THE PROBLEM = Would you copy the lines below exactly and omit the images?

COLLECTED MATERIAL =
........

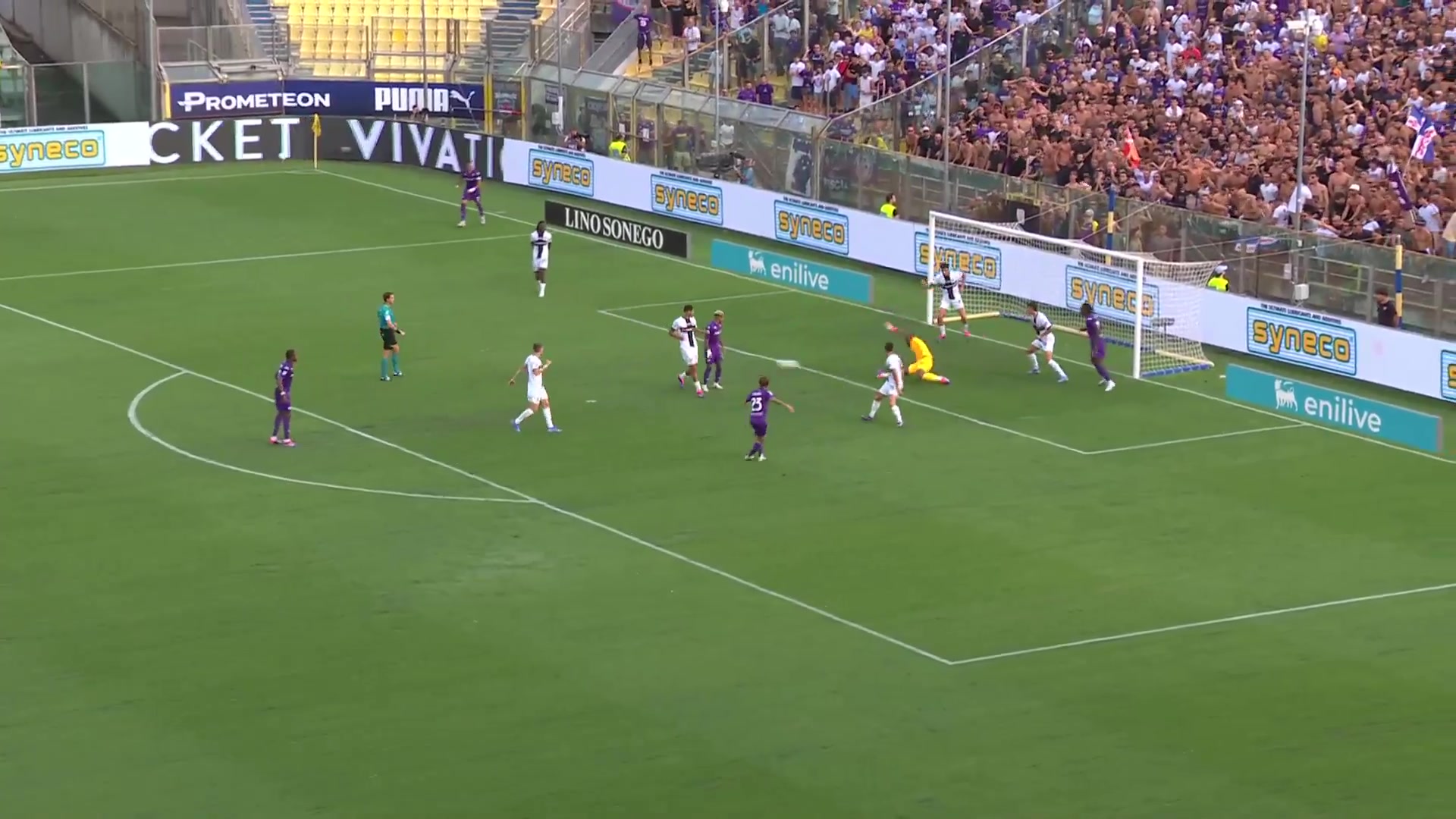 奧納納PLUS日媒將鈴木彩艷稱之為日本代表の守護神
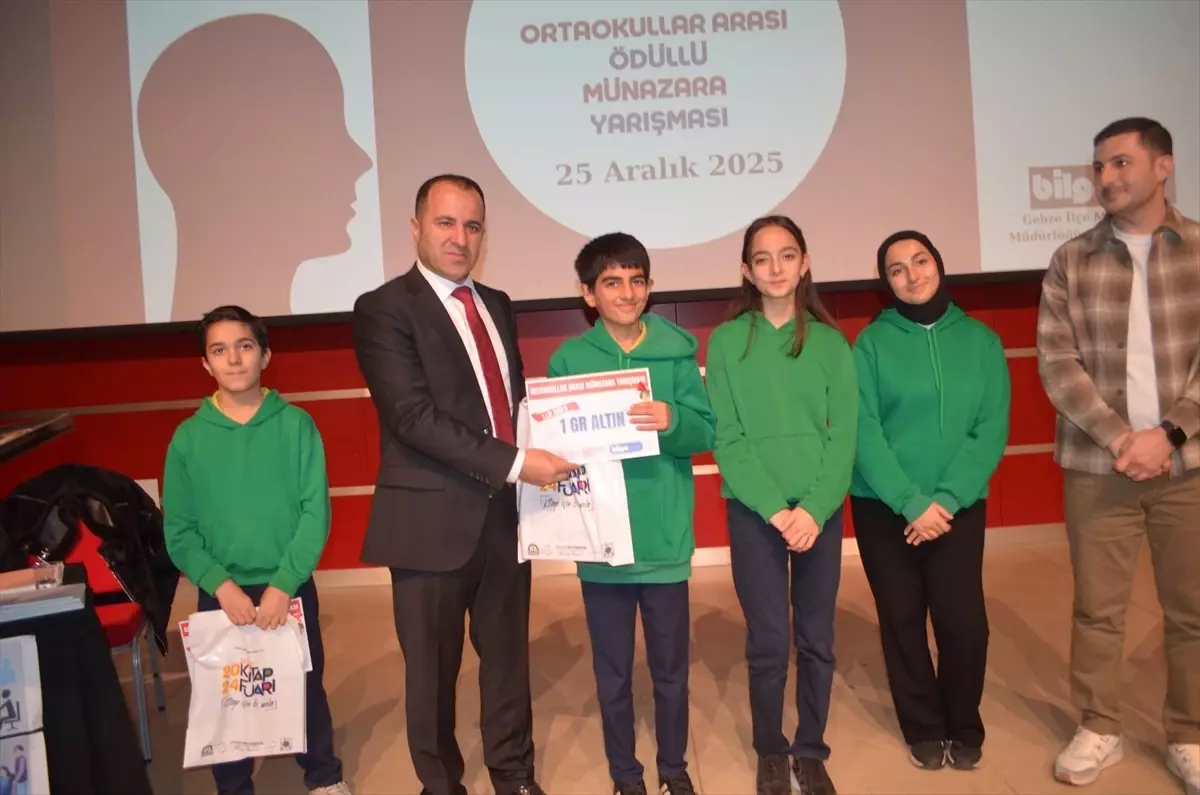 Gebze\'de Münazara Şampiyonu Mimar Sinan Ortaokulu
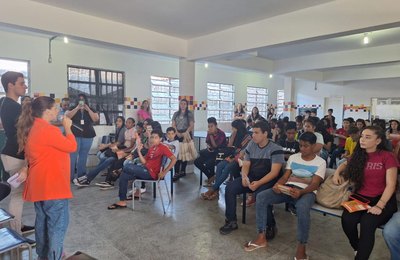 Estudantes da Escola Arnon de Melo participam de ação sobre saúde mental e o uso excessivo de tecnologias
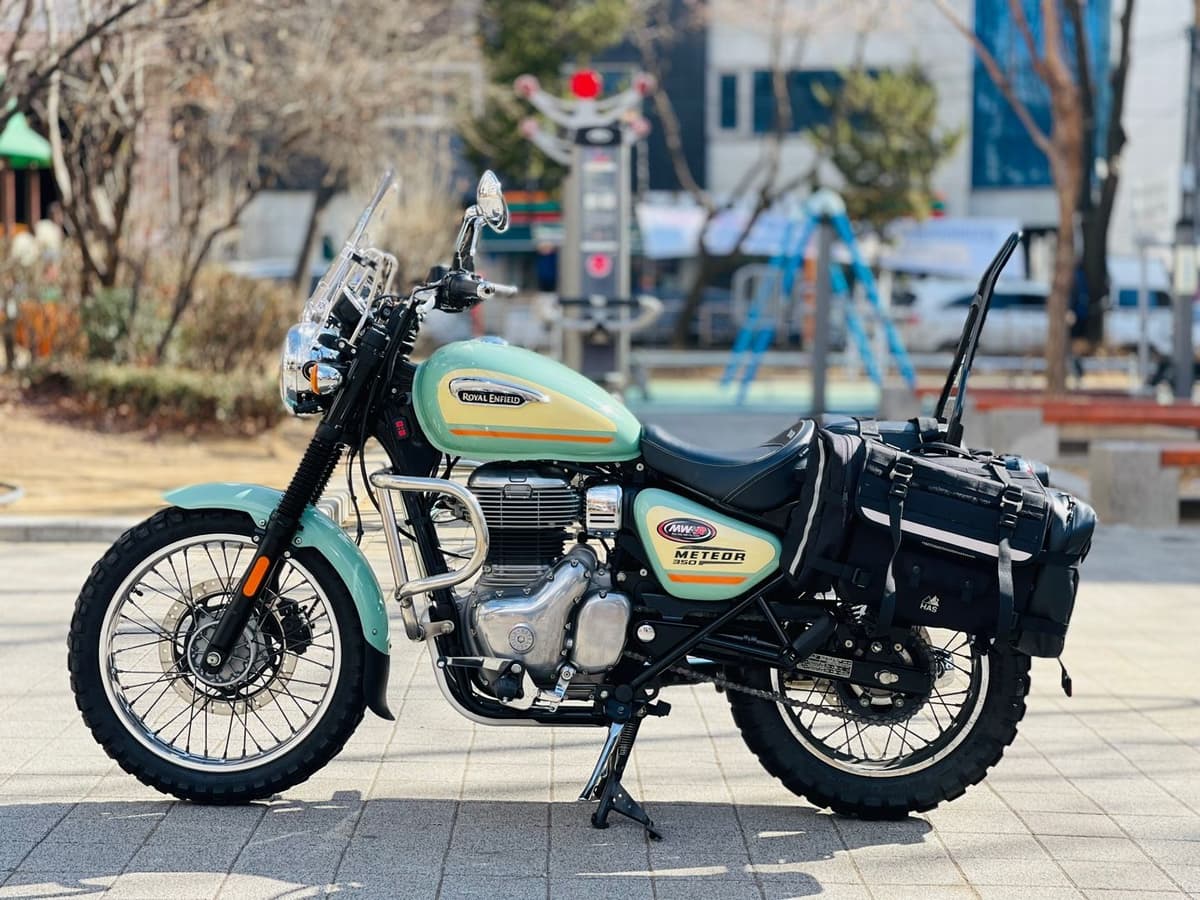 로얄엔필드 메테오 350 4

........

COMPLETED TASK =
 奧納納PLUS日媒將鈴木彩艷稱之為日本代表の守護神
 Gebze\'de Münazara Şampiyonu Mimar Sinan Ortaokulu
 Estudantes da Escola Arnon de Melo participam de ação sobre saúde mental e o uso excessivo de tecnologias
 로얄엔필드 메테오 350 4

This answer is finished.